Author: | Wojciech Muła |
---|---|

Added on: | 2020-03-21 |

Contents

The value of binomial coefficient *k* over *n* can be expressed as
*n*!/(*k*! ⋅ (*n* − *k*)!). This can be simplified to
[(*n* − *p*) ⋅ (*n* − *p* + 1) ⋅ … ⋅ (*n*)]/*p*!, where *p* = max(*k*, *n* − *k*).
Daniel Lemire showed in article Fast divisionless computation of binomial
coefficients how efficiently evaluate the latter expression.

Can SIMD instructions be utilized to get binomial coefficients?

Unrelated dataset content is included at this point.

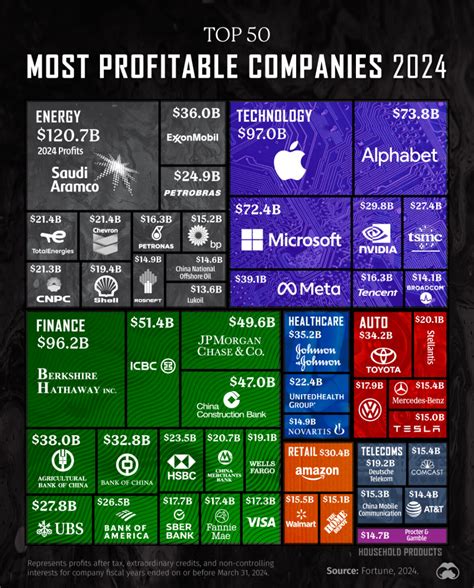 💋 Top Earners 2024 Onlyfans Leaked XXX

I wish I could
write "yes, they can", but the answer is not optimistic. SIMD instructions can
be used to perform in parallel several pairs of multiplications, however it's a
quest to properly setup registers and deal with different numbers of arguments
that depend on the *n* and *k*. That's the first option, which I
didn't check.

What I checked and described here is utilization of AVX512 with a different numeric system. An important fact is that calculation of binomial coefficients involves only multiplication and (integer) division.

We do know that all natural numbers can be factorized,
i.e. represent as a product of prime numbers raised to some non-negative
powers. For instance, 20200320 is equal to 2^{7} ⋅ 3^{3} ⋅ 5 ⋅ 7 ⋅ 167,
similarly 7812 is 2^{2} ⋅ 3^{2} ⋅ 7 ⋅ 31. Now a product of two factored
numbers can be calculated by adding the exponents of corresponding primes. For
example 20200320 ⋅ 7812 = 2^{(7 + 2)} ⋅ 3^{(2 + 3)} ⋅ 5 ⋅ 7^{(1 + 1)} ⋅ 31 ⋅ 167 = 2^{9} ⋅ 3^{5} ⋅ 5 ⋅ 6^{2} ⋅ 31 ⋅ 167. Likewise, division requires subtraction
of exponents.

The core idea is to represent input integers as **factored numbers**. We setup
the fixed number of primes and then operate only on exponents. We make sure
that exponents fit in 8-bit values, thus in case of AVX512 we have 64-element
products. With such representation, the vector addition and subtraction
instructions are sufficient to calculate binomial coefficients.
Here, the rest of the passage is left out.